Le mardi 11 juin 2002

Parlons peu...
On oublie par trop les origines démocratiques du journal. Sans l’invention de l’écriture dont l’imprimerie n’est que l’aboutissement, il eût été, sans doute, impossible de mettre fin aux pratiques de la Grèce antique, où l’on voyait le peuple se réunir sur la place publique pour s’informer par ouï-dire des faits importants, échanger des propos, entendre discourir les savants. Le journal est né de ces anciennes coutumes.
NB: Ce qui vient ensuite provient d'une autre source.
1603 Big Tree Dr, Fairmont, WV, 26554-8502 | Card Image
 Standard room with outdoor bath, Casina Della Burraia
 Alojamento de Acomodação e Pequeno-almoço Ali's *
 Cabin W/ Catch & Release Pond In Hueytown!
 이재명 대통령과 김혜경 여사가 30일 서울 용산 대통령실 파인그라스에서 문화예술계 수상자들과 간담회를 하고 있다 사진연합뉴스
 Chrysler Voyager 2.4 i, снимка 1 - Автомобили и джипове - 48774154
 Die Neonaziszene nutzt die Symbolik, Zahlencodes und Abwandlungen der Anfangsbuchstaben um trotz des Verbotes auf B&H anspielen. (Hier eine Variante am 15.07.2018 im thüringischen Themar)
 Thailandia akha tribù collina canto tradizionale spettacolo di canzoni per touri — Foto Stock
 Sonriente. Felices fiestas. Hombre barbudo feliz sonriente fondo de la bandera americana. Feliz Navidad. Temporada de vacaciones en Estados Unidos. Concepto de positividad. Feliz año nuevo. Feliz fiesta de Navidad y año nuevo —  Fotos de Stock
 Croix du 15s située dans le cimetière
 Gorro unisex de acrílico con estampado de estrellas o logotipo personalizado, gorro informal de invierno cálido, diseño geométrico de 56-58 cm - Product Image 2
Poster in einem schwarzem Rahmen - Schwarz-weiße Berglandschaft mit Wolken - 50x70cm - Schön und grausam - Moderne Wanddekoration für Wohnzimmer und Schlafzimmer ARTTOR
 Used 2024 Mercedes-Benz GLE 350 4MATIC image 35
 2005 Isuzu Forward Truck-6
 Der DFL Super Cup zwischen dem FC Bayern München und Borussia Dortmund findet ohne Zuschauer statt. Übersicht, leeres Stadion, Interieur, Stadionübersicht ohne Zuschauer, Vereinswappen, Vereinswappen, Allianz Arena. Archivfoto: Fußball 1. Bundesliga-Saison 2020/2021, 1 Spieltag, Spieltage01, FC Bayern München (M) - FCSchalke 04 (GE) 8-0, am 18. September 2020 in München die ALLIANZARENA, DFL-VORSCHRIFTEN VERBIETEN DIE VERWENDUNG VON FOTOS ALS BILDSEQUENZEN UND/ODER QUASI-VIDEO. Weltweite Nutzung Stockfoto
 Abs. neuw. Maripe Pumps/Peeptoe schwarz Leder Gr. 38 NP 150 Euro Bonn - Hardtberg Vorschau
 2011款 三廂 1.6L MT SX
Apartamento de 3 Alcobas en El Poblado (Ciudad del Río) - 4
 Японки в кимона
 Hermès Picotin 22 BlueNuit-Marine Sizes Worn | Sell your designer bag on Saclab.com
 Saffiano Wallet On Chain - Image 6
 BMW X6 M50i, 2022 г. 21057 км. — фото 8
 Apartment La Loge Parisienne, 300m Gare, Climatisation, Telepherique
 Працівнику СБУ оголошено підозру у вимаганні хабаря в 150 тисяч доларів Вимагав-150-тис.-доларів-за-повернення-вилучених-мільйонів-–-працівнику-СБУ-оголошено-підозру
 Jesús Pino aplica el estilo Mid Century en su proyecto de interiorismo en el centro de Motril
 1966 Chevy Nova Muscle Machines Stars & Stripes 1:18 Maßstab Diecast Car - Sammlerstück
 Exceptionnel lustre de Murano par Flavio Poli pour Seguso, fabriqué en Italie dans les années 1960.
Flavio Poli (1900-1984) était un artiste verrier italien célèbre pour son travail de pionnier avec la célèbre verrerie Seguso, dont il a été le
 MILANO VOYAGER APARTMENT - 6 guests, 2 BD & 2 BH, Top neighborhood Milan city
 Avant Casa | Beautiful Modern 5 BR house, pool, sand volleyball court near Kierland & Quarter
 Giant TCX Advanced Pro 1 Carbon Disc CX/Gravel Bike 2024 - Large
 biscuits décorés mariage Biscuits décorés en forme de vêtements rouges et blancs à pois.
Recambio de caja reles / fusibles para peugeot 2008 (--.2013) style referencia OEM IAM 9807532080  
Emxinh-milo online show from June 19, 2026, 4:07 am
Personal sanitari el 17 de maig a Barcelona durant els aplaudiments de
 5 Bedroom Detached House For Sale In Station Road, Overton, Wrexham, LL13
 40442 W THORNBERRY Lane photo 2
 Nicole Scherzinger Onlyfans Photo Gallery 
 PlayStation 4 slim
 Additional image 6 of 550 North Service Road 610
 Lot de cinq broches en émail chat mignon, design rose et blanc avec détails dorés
C’est donc qu’il est fait par et pour le peuple.

Naturellement, je néglige les écrivains dont les copies sont le plus souvent des inventions(le mot ici a le sens de découverte) recommandables en ce qu’elles enrichissent le domaine de la pensée et forment les bases de la saine opinion. Et je n’envisagerai pas non plus le rédacteur dont le rôle se réduit à celui d’un clerc. En effet, s’il relate simplement les évènements, il n’est à ce faire qu’un scribe ; et quand il les commente, il ne reflète que l’opinion anonyme et inédite de la foule qu’il a pu capter avec, plus ou moins de bonheur, selon son intelligence et son flair.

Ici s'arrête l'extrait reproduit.